I make turkey calls as well on a wood lathe. A striker for a slate call can be made from just about any hardwood in the US with one sharpening of the tools used to form it. Osage Orange, otherwise known as Bois D'arc or Hedge is incredibly hard. To make a striker it will take three sharpening's of the tools before completion. Very pretty wood without much grain. Kind of dull yellow that works great in laminations to add an off color to the other wood laminates.
The hedge name comes from the Oklahoma Dust Bowl days when vast areas were planted with the tree to create hedge rows that blocked the eternal winds to stop erosion of the soil.
The wood was so hardy that farmers/ranchers used it to make fence posts that over 100 years later are still standing although all have been replaced by modern fencing.
But! They leave the old post standing and rarely object is one asks to remove them for woodworking projects. The 4" post above ground is weathered into a small stick, but the part underground is amazing and still full size, taking on some different colors. Highly prized by woodworkers and I live in the center of that.
Just another hobby other than shooting. Thanks for watching. LOL!
 

joepistol

Well-Known Fanatic
Joined
Apr 23, 2020
Messages
1,104
Location
Rochester Hills, Mi
" Looks very nice! You did good! "... if you meant I did good on those grips on my Blackhawk, you're mistaken, I didn't make those.
Those are the grips I bought for it..never got close to finishing the grips I was going to make for it.

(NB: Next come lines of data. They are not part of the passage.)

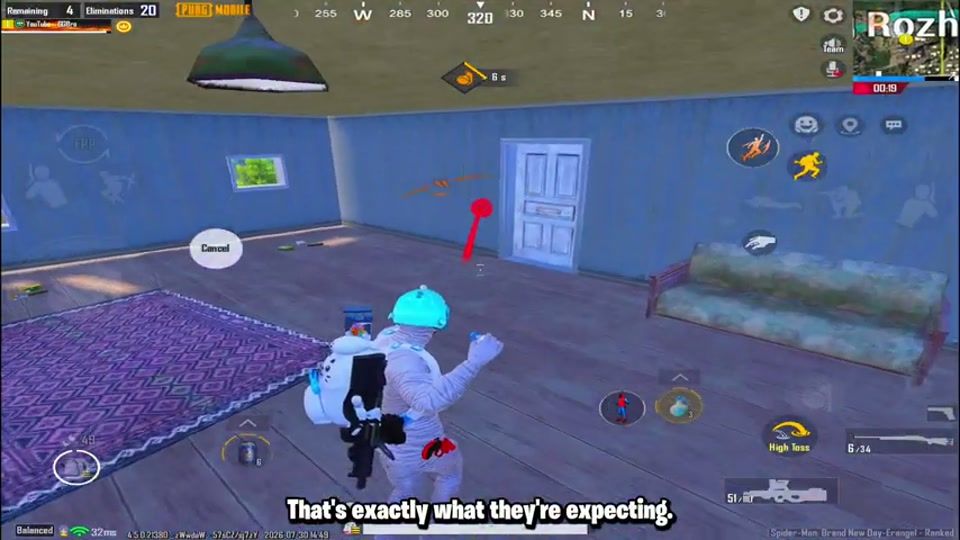 Совет по ивенту PUBG Mobile «Человек-паук»: бросок гранаты в окно дома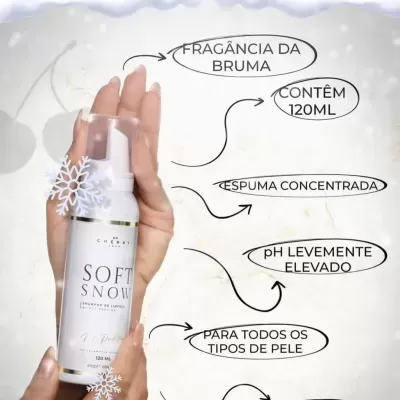 Embalagem branca de shampoo espuma Soft Snow com texto em português e decoração de floco de neve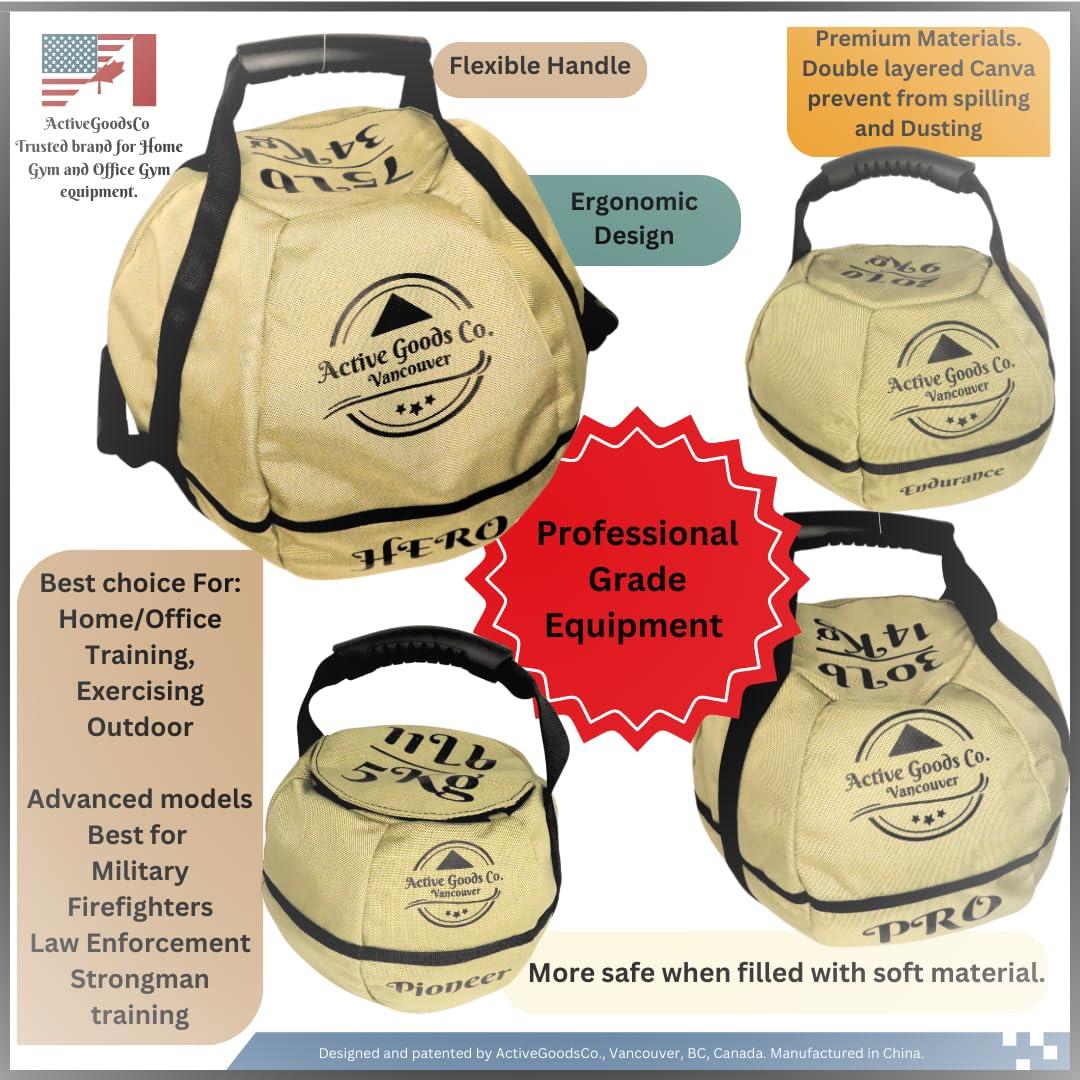 ActiveGoodsCo ActiveGoodsCo. Kettlebell Sandbag for fitness workout, different sizes 11Lb to 75lb. Visit to see the options (May Vary, 1pack 11lb no weight)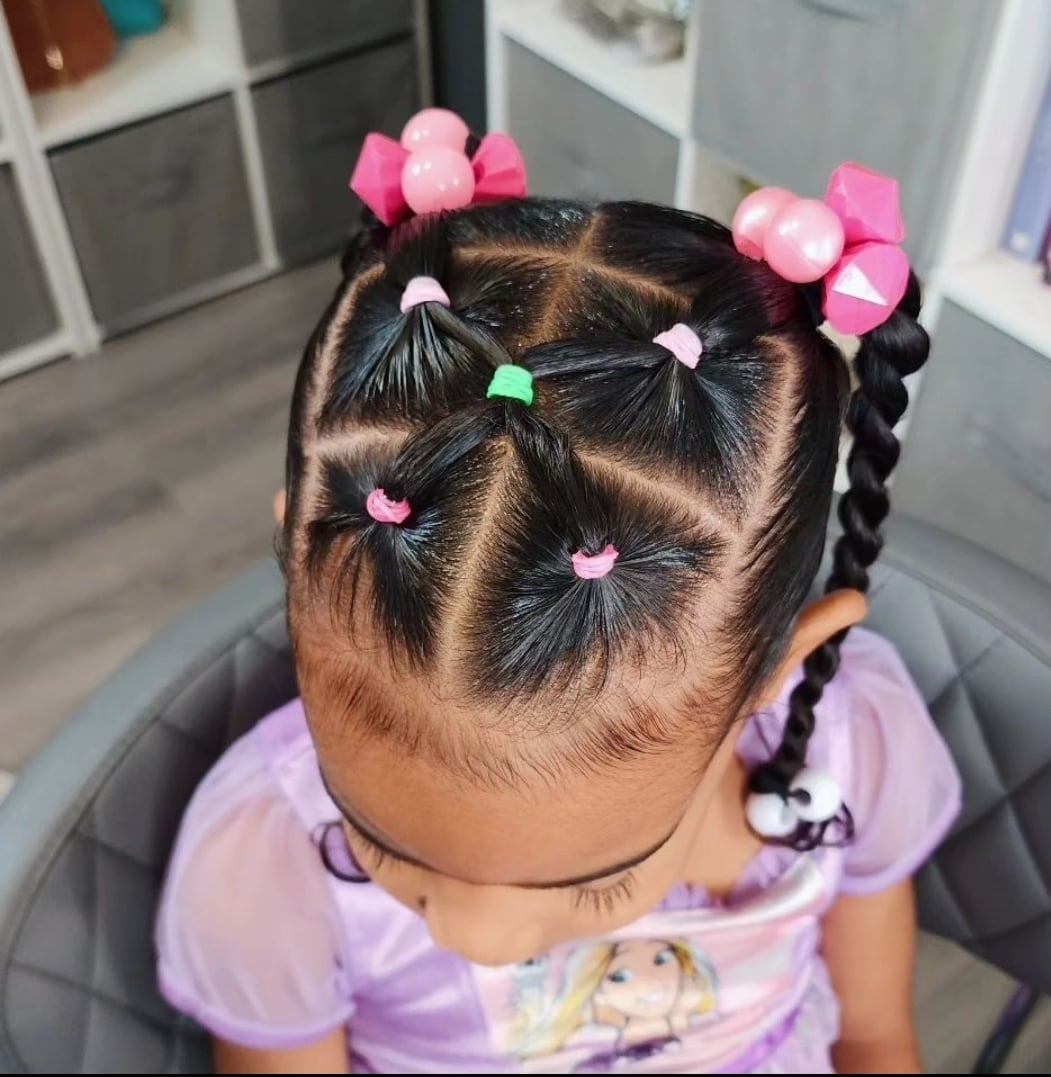 Mid-Back Coily Pigtails With Geometric Parts — Simple Little Girl Hairstyles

I guess you could say I did good on purchasing them..though they look like they fit well in the picture. If you saw the backs trap, ( grip frame )
you could see they weren't well-fit to the frame.. one side is cut about 1/8"higher than the other...where the cut is for the bottom of the frame.
I probably should've returned them, but those were bought in pre-internet time. They were hard to find, I thought the wood looked beautiful,
and the grips fit well in my hand,.. so decided to ignore the somewhat sloppy fit in that one area.
 

Buck Buck

Well-Known Fanatic
Joined
Aug 15, 2018
Messages
113
Earlier this year while wintering in Arizona in the RV, the resort had a lapidary shop to use. So we went out into the desert, found some rocks and after a lot of work, finished this set.

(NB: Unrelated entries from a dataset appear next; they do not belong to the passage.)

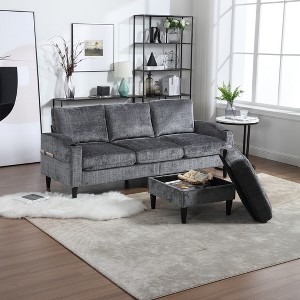 SeaCamel 3-Seat Solid Wood Chenille Sofa, Cup Holders & Storage Ottoman, Cozy Sectional for Living Room - 1 of 4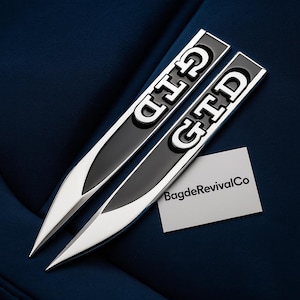 Refurbished GTD Fender Badges: Chrome & Black Metal Wing Emblems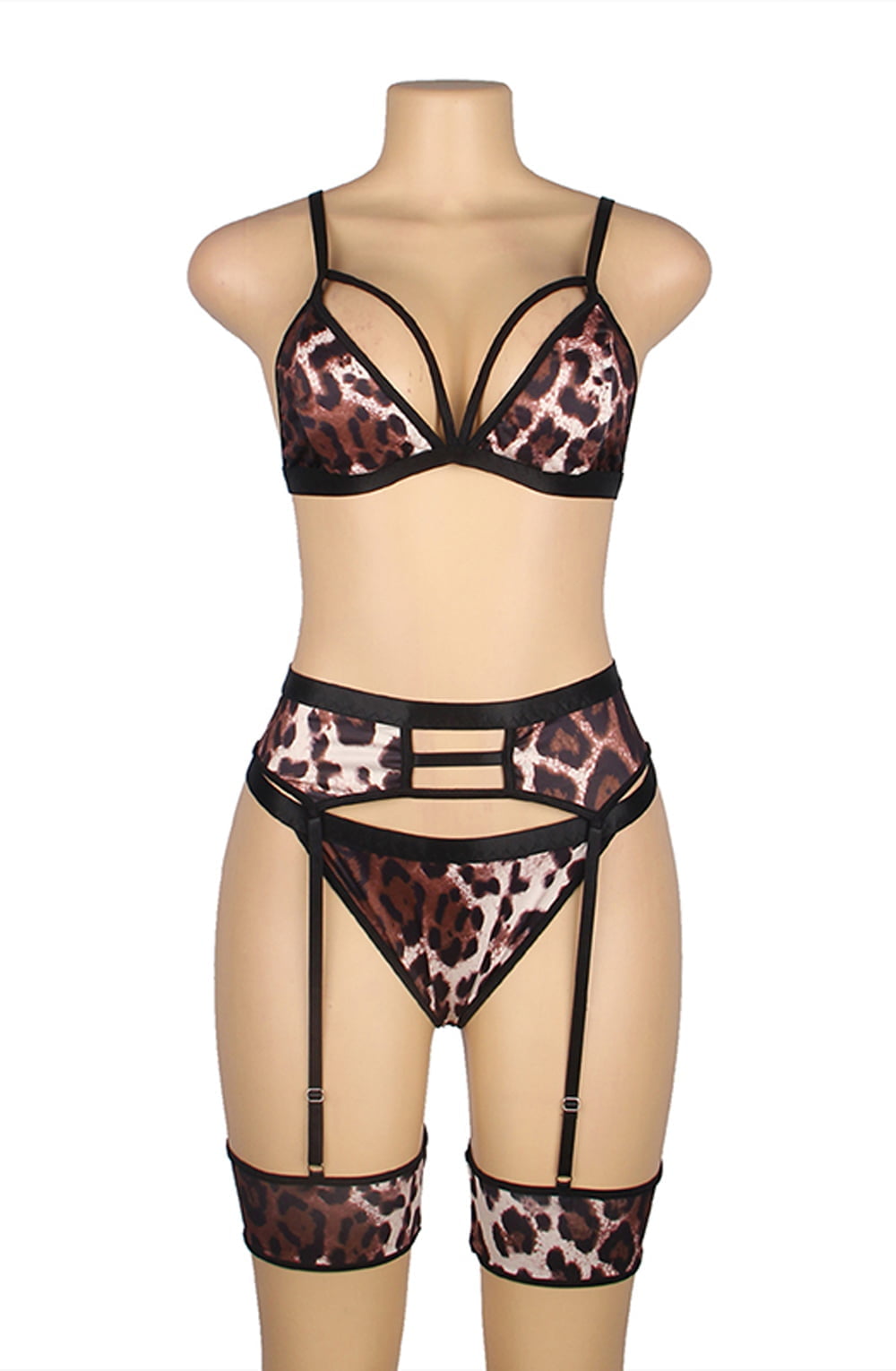 YesX Leopard Print Lingerie Set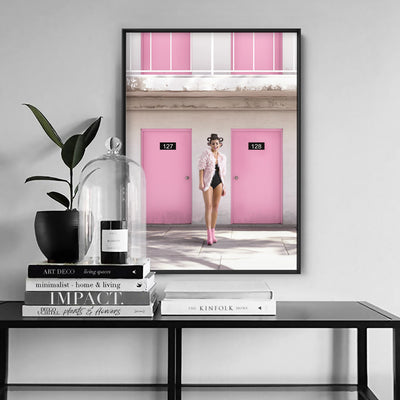 Palm Springs | Pink Motel - Art Print, Poster, Stretched Canvas or Framed Wall Art Prints, shown framed in a room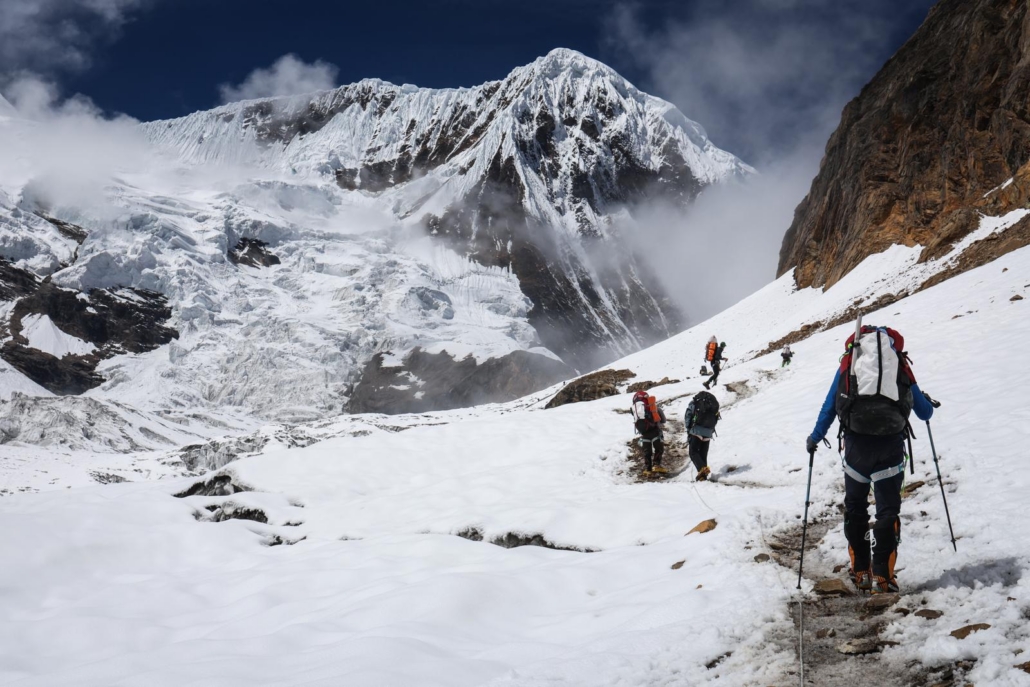 Climbing on the lower Manaslu Glacier (photo by Terray Sylvester)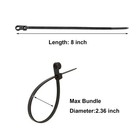 100pcs Plastic Cable Ties With Screw Holes 8 Inch Self Locking Black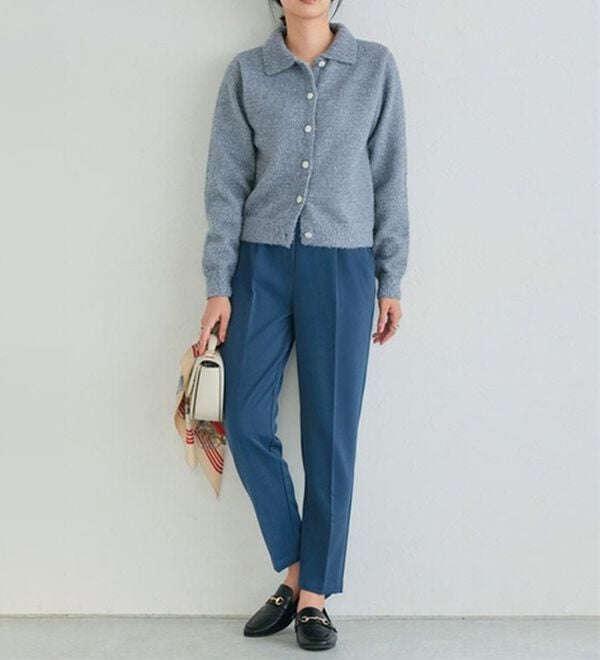 Pierrot（ピエロ）の「【選べる丈】高見えすっきりテーパードパンツ（フルレングスパンツ）」｜詳細画像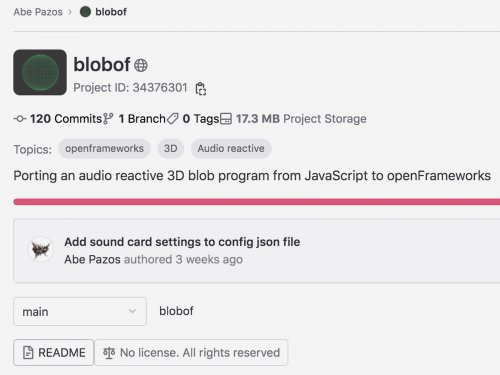 E.I The Blob on Gitlab, Source code to Open Frame works project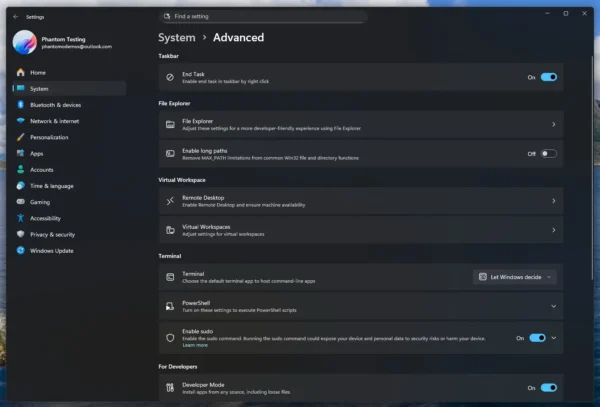 微软为Windows 11推出新的高级设置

At home, don't have the specialized equipment to work stone but can handle wood.
So with a block of Bocote, a hardwood from South America, and some indego DymaLux the project began.

After a lot of cutting and sanding, polyurethane was applied to get a finished project.

View attachment 33815
The stone is pretty! And lots of work. But I am partial to wood! I REALLY like how these turned out ! The grain pattern and color contrast, along with the high gloss finish is just amazing! IMO
And the knife block is a clever design. With the curved surface ends, and that contrasting wood color, it makes a very impressive set !
Not only would I like a set of knives like this, but now you've made me hungry for steak and some type of vegetable that requires slicing ! And I was thinking I'd just quickly check some emails at 4 in the morning and go back to sleep. I'm going to be dreaming about these, beautiful wood projects, and maybe some venison steaks from my son in law, who hunts (for fresh, natural meat) A worthy companion to your artwork !

Pleasant dreams and thanks for sharing your craftsmanship with us.

p.s.
Hopefully after the election we can still eat meat, and not just bugs.